What are the basics of XPath syntax?
XPath uses path expressions to navigate HTML/XML documents. Understanding the core syntax is essential.
Basic path expressions:
Absolute path (from root):
/html/body/div/p
Selects exact path from document root. Fragile - breaks if structure changes.

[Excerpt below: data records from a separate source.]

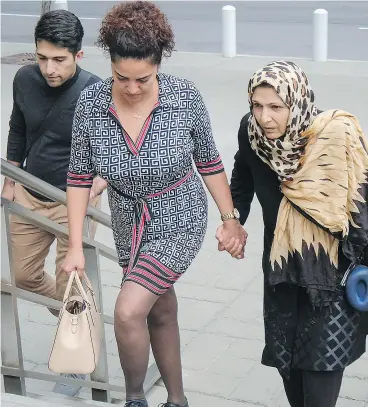  ?? JEFF McINTOSH / THE CANADIAN PRESS ?? Kobra Mohammadi, right, mother of Maryam Rashidi, and Mohamad Rashidi, left, Maryam’s brother, arrive at court for the sentencing of Joshua Cody Mitchell.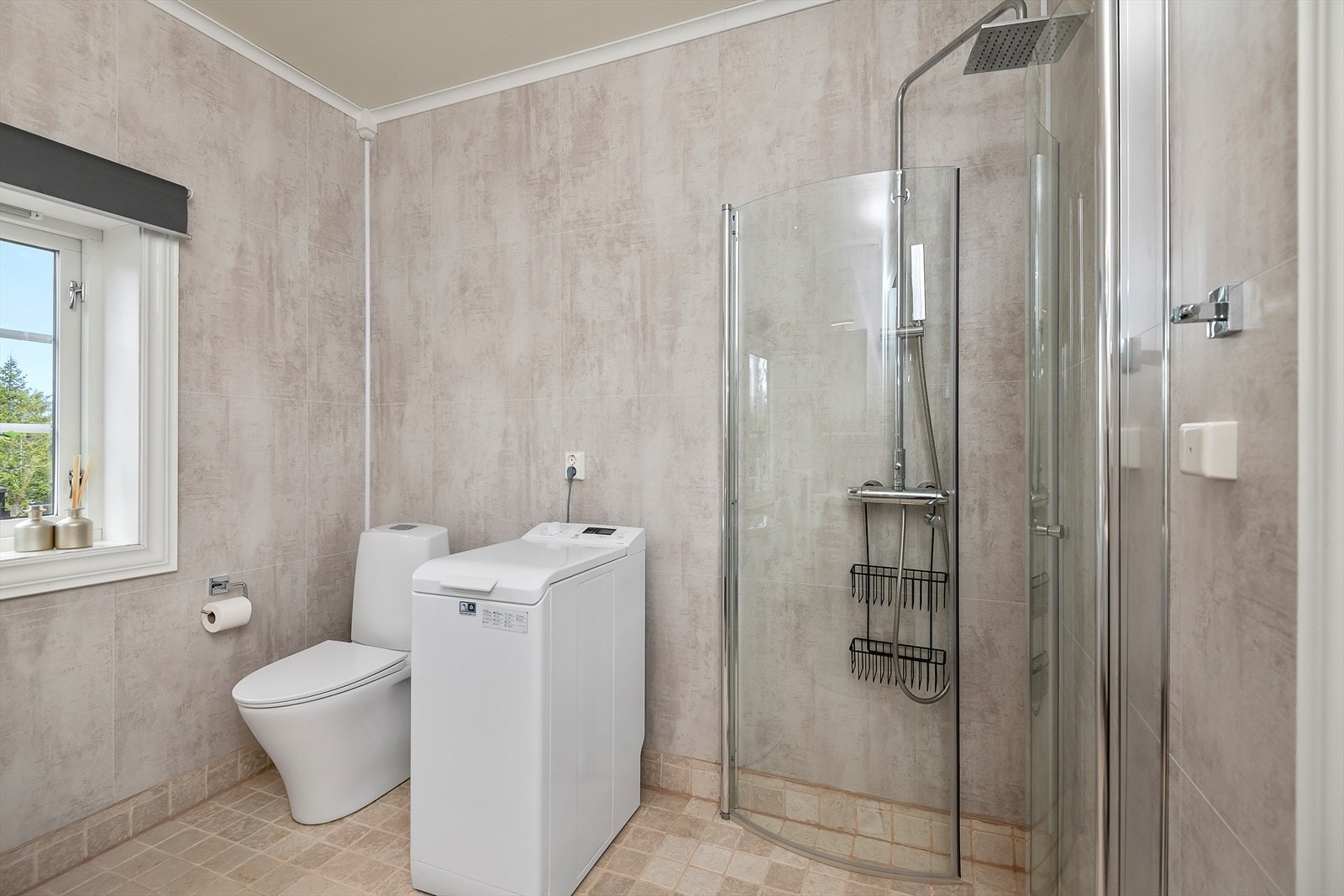Gulvmontert WC, dusj med innfellbare glassdører og opplegg for vaskemaskin. Fint lys inn gjennom vinduet. Galleribilde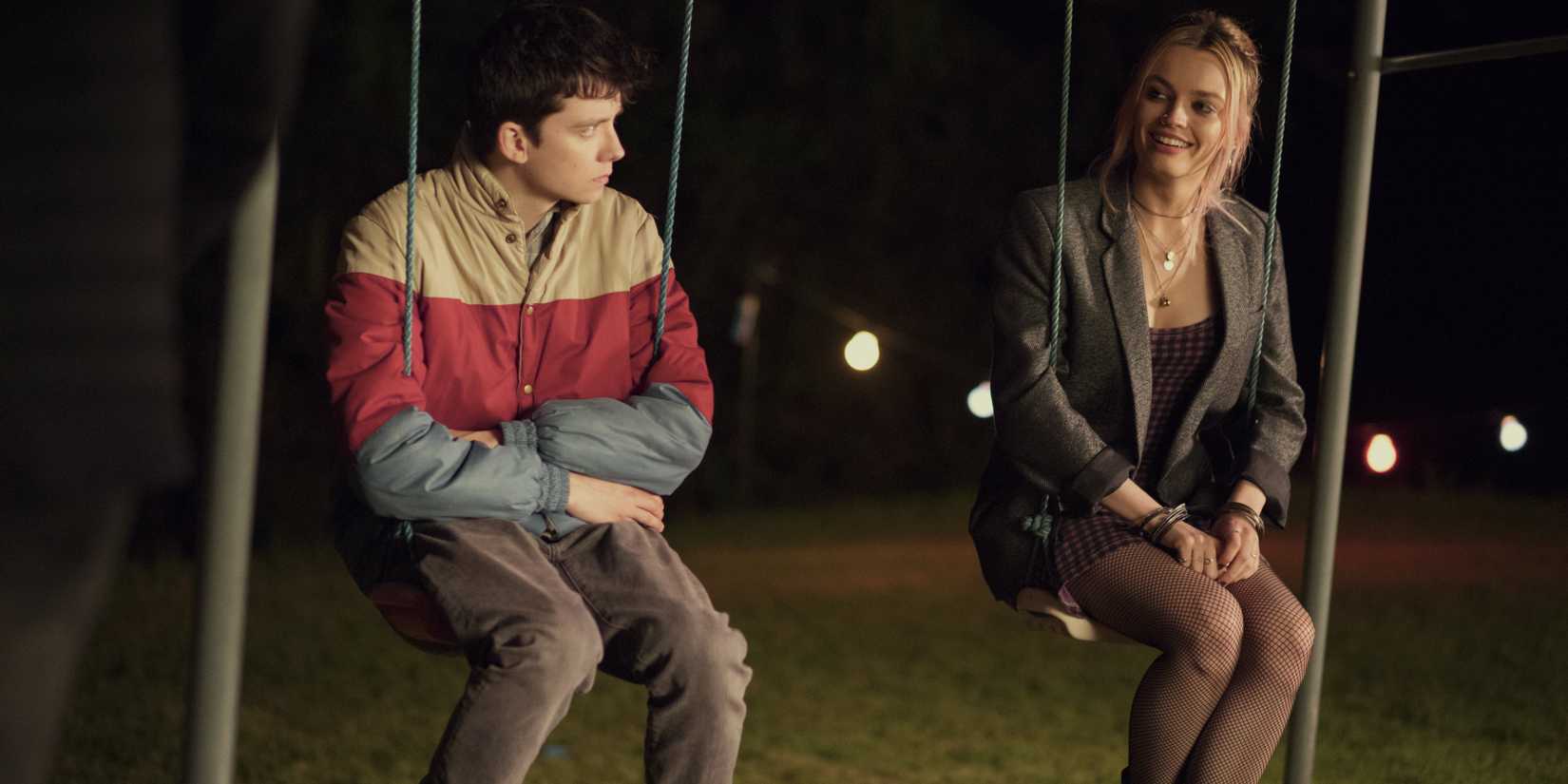 Asa Butterfield como Otis Milburn e Emma Mackey como Maeve Wiley sentados em balanços em Sex Education.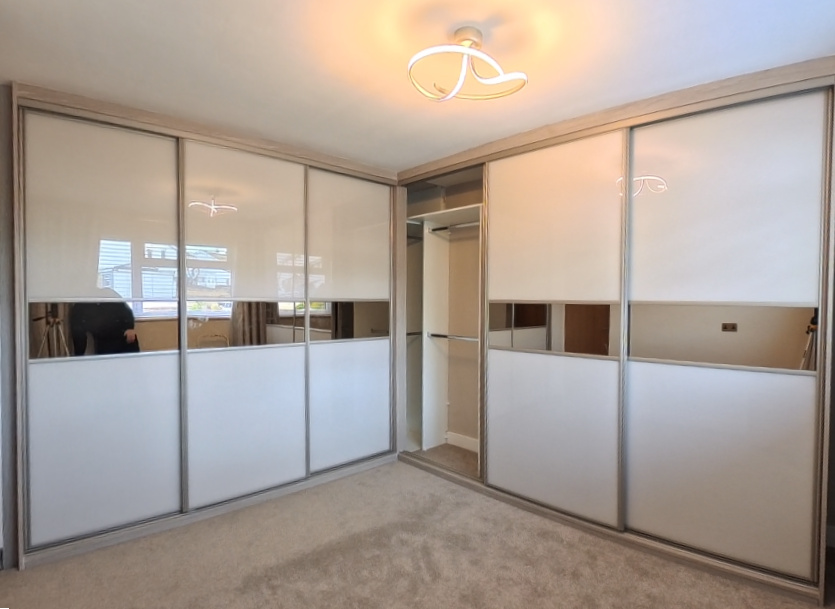 Corner run of sliding doors with cream panels, oak-effect frames and mirror bands in Newport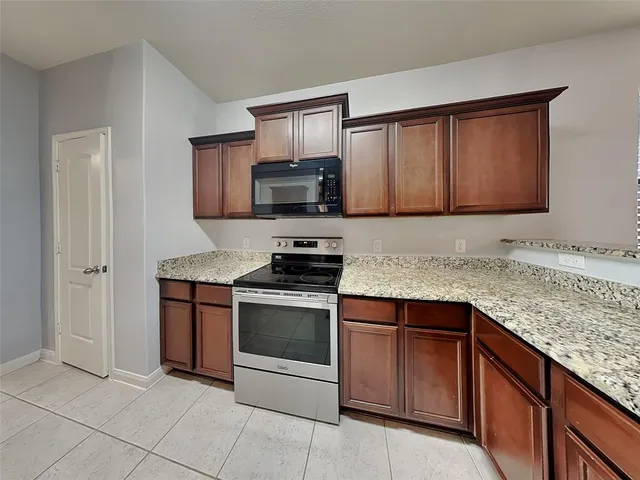 a kitchen with granite countertop cabinets and steel stainless steel appliances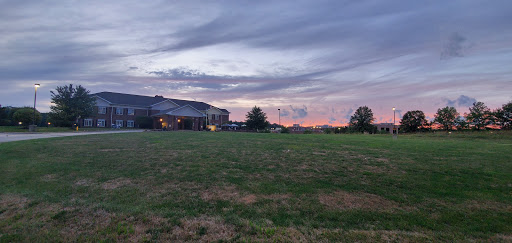 A beautiful sunset casts warm hues over a grassy field with a distant building.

Relative path (anywhere in document):
//p
Selects all <p> elements anywhere. Most common and flexible.
Current node:
.
Parent node:
..
Attribute selection:
Select element with attribute:
//div[@class='product']
Select attribute value:
//img/@src
Multiple attributes:
//input[@type='text'][@name='email']
Predicates (filters):
By position:
//li[1] # First li element
//li[last()] # Last li element
//li[position() < 4] # First 3 elements
By condition:
//div[@class='active']
//span[@id and @class] # Has both id and class
Text matching:
Exact text:
//button[text()='Submit']
Contains text:
//p[contains(text(), 'Price')]
Starts with:
//div[starts-with(@class, 'product-')]
Axes (navigation):
Child:
//div/child::p
# Same as: //div/p
Parent:
//span/parent::div
# Same as: //span/..
Following-sibling:
//h2/following-sibling::p
Preceding-sibling:
//p/preceding-sibling::h2
Ancestor:
//span/ancestor::div
Descendant:
//div/descendant::a
Operators:
And:
//div[@class='product' and @data-available='true']
Or:
//input[@type='text' or @type='email']
Not:
//div[not(@class='hidden')]
Common patterns:
Any element with class:
//*[@class='product']
Attribute contains value:
//a[contains(@href, 'product')]
Multiple classes:
//div[contains(@class, 'card') and contains(@class, 'active')]
Python usage:
from lxml import html
tree = html.fromstring(html_content)
results = tree.xpath('//div[@class="product"]/h2/text()')
Scrapy usage:
response.xpath('//div[@class="product"]/h2/text()').get()
response.xpath('//div[@class="product"]/h2/text()').getall()
Best practices:
- Keep paths short and relative (
//divnot/html/body/div) - Use
contains()for flexible class matching - Avoid deep absolute paths (fragile)
- Test expressions in XPath tester before implementing